◆ TRY IT
It is required that all of the data be written out exactly.

◆ INPUT DATA
******

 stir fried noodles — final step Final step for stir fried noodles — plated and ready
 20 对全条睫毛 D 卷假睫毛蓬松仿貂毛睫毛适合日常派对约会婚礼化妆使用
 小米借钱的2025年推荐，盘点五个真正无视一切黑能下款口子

******

◆ RESPONSE TO THE EXERCISE
 stir fried noodles — final step Final step for stir fried noodles — plated and ready
 20 对全条睫毛 D 卷假睫毛蓬松仿貂毛睫毛适合日常派对约会婚礼化妆使用
 小米借钱的2025年推荐，盘点五个真正无视一切黑能下款口子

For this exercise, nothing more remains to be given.